Poly(acrylamide-co-1-vinylimidazole) chemical gels were prepared by mixing AAm (1.8 M) and VIm (0.2 M) in aqueous solution with MBA (3 mM, corresponding to 0.15 mol% of the monomer units of AAm and VIm) and KPS (6 mM), under nitrogen flow at low temperature (in an ice bath). The solution was then transferred in a glovebox, and TEMED (20 mM) was added. After the overnight crosslinking reaction, the obtained P(AAm-co-VIm) chemical gels were used for measurements as prepared.

4.3. P(AAm-Co-VIm) Dual-Crosslink Gel Synthesis

P(AAm-co-VIm) dual-crosslink gels were prepared by two methods: one-pot synthesis and diffusion.

4.3.1. One-Pot Synthesis

The one-pot synthesis of P(AAm-co-VIm)-M²⁺ was performed using the same procedure as the chemical gel, simply by adding extra NiCl₂ or ZnCl₂ to the solution. The NiCl₂ and ZnCl₂ concentrations were varied between 5 and 100 mmol/L. After the overnight crosslinking reaction, the obtained P(AAm-co-VIm)-M²⁺ dual-crosslink gels were used for measurements as prepared.

4.3.2. Diffusion Method

In the diffusion method, three steps were required. First, the chemical gel was prepared as described above (Section 4.2). Then, it was washed of any trace of non-reacted monomers by placing it in at least three baths of distilled water for at least 24 h. At this step, the chemical gel expanded to its equilibrium swelling in water due to the very low chemical crosslinking ratio. Finally, the swollen gel was placed in a solution of NiCl₂ or ZnCl₂ to incorporate the metal ions into the chemical gel by diffusion, forming a complex with the imidazole ligands on the polymer chains. The volume of the solution was set equal to 20 times the volume of the gel. Because the Ni²⁺ ions were sensitive to pH (precipitating at pH 7), the pH of the diffusing solution was set at 6.5 with an HCl solution before each experiment.

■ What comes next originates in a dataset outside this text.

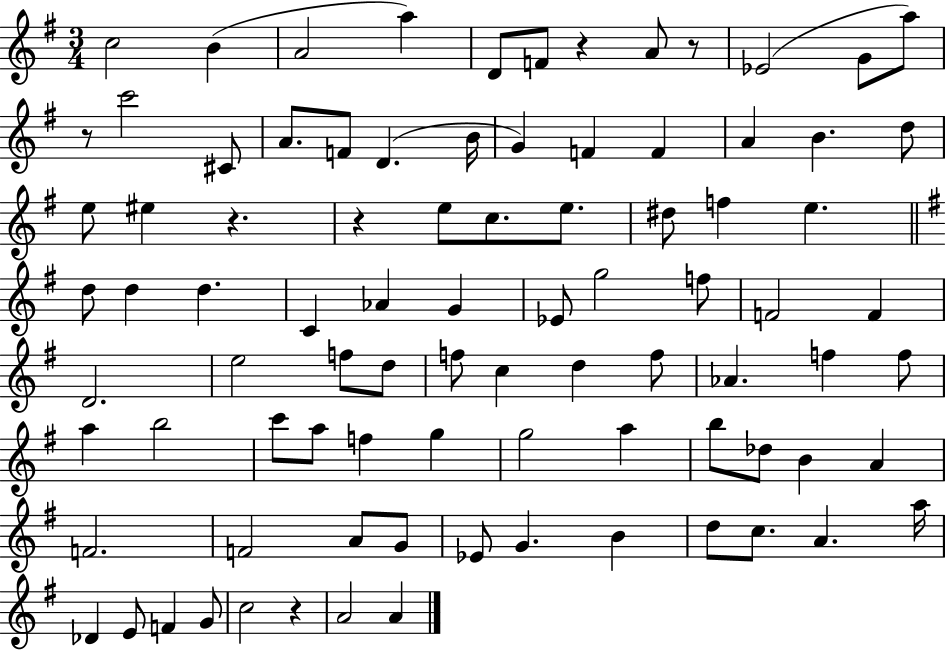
C5/h B4/q A4/h A5/q D4/e F4/e R/q A4/e R/e Eb4/h G4/e A5/e R/e C6/h C#4/e A4/e. F4/e D4/q. B4/s G4/q F4/q F4/q A4/q B4/q. D5/e E5/e EIS5/q R/q. R/q E5/e C5/e. E5/e. D#5/e F5/q E5/q. D5/e D5/q D5/q. C4/q Ab4/q G4/q Eb4/e G5/h F5/e F4/h F4/q D4/h. E5/h F5/e D5/e F5/e C5/q D5/q F5/e Ab4/q. F5/q F5/e A5/q B5/h C6/e A5/e F5/q G5/q G5/h A5/q B5/e Db5/e B4/q A4/q F4/h. F4/h A4/e G4/e Eb4/e G4/q. B4/q D5/e C5/e. A4/q. A5/s Db4/q E4/e F4/q G4/e C5/h R/q A4/h A4/q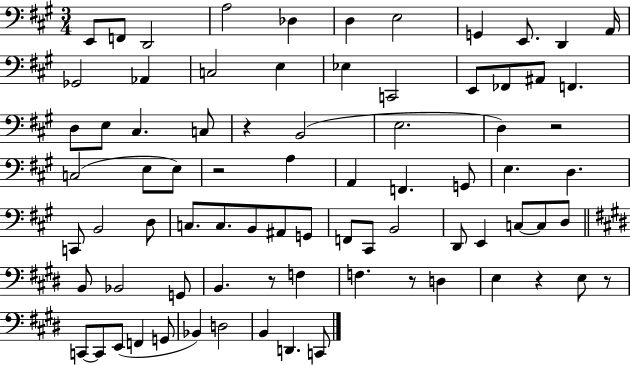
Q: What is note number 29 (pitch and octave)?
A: C3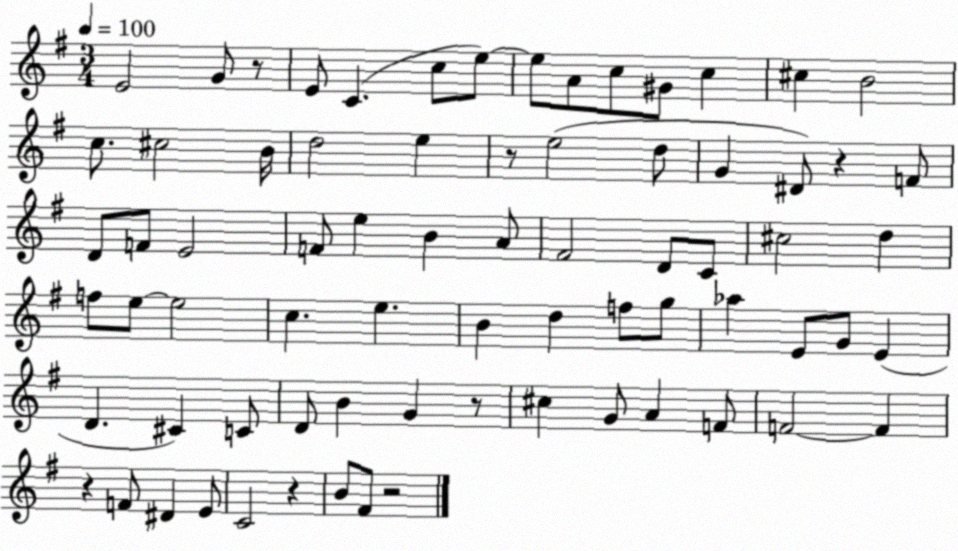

To investigate the effects of the physical crosslinks on the mechanical properties of the gel accurately, the dual-crosslink gels prepared by diffusion were compared at the same polymer concentration with the dual-crosslink gel and the chemical gel prepared by the one-pot synthesis, the polymer concentration of which was unchanged during the preparation. It should be noted that the complexation of the metal ions induced both deswelling (due to crosslinking) and swelling (due to the introduction of charges to the neutral chemical gel). The swelling ratio was controlled by the addition of NaCl to the system: the electrostatic interactions were screened and the gels deswelled to the same polymer concentration as that of the corresponding chemical gel. For each metal ion concentration, an optimal NaCl concentration was determined.

4.4. Linear Rheology: Small Strain Shear Tests

To characterize the linear viscoelastic properties of the dual-crosslink gels, small-strain oscillatory shear measurements were performed in a parallel plates geometry with roughened surfaces (20 mm in diameter) with an ARES LS1 rheometer (TA instruments). Samples of the gels prepared in sheets were cut into a disk and placed in the parallel plate geometry for gels of both methods. The sample thickness was 1.5 mm. Frequency sweep tests with a dynamic range varying from 0.1 to 100 rad/s were carried out at 25 °C within the linear viscoelasticity regime (0.2–0.8% strain). Note that we used the parallel plate geometry since it was not possible to perform the diffusion method in the geometry due to the volume changes, but it was possible to perform rheological measurements in the geometry of gels prepared by the one-pot method.

4.5. Nonlinear Mechanics: Uniaxial Tensile Tests

The large deformation behavior of the gels was studied by a uniaxial tensile test to fracture and step-cycle loading–unloading tests on an Instron 5565 tensile tester with a 10 N load cell. Samples were rectangular in shape 5 mm wide, 1.5 mm thick, and 15 mm long (between clamps). Following a previously published procedure, we kept the samples in paraffin oil during all the tests to prevent them from drying out [7].